TASK STATEMENT
Repeat the lines below exactly as written, please, from the line with "Toàn bộ căn" to the line with "Maneta Tempomat 695135202", both lines included, and no others.

DATA UNDER STUDY

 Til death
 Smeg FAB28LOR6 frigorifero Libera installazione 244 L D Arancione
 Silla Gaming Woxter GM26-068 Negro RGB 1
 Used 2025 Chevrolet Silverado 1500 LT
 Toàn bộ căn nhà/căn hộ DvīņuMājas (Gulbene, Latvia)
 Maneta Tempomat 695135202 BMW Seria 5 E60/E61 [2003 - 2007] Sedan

--

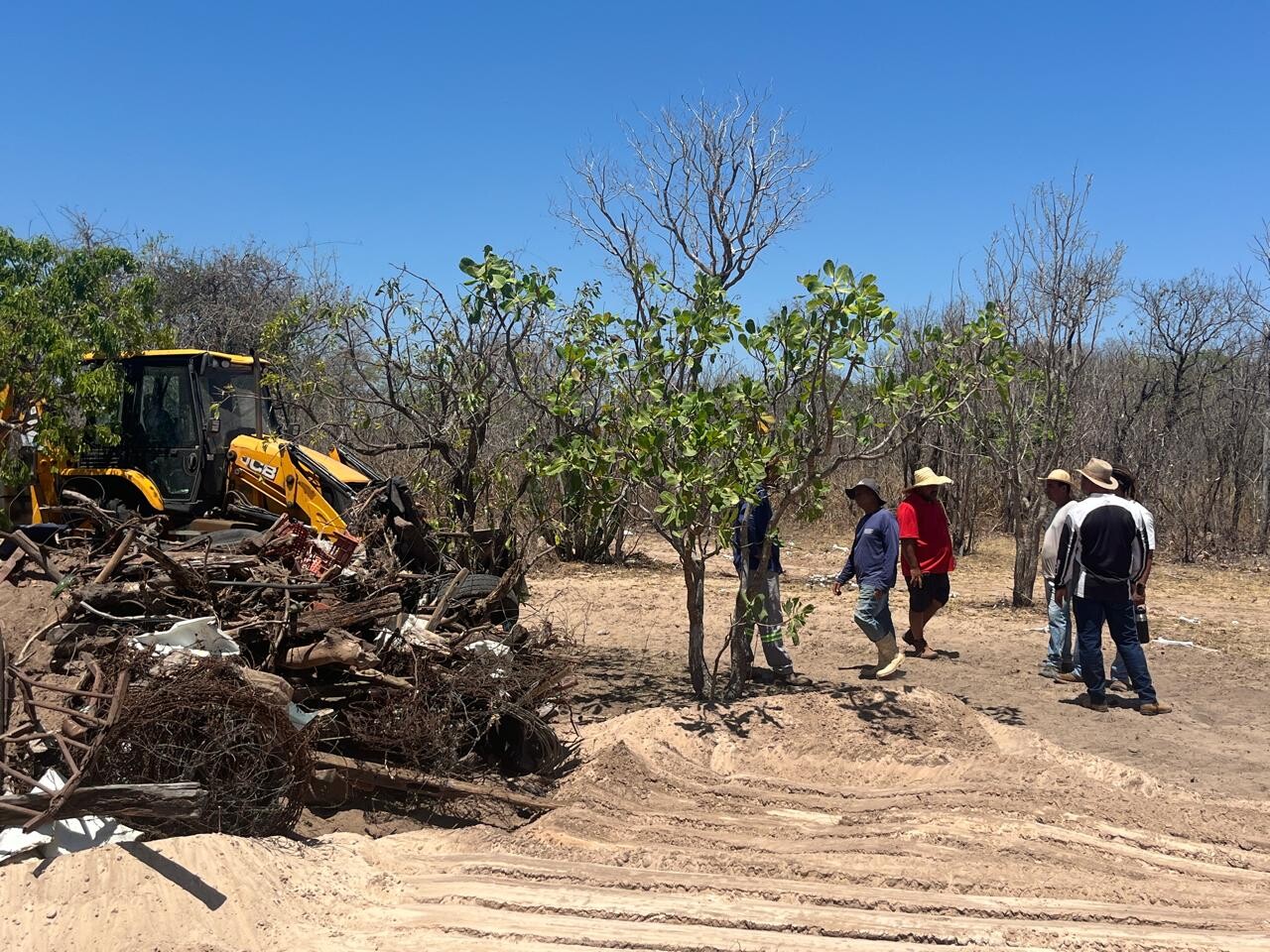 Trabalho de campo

TASK RESULT
 Toàn bộ căn nhà/căn hộ DvīņuMājas (Gulbene, Latvia)
 Maneta Tempomat 695135202 BMW Seria 5 E60/E61 [2003 - 2007] Sedan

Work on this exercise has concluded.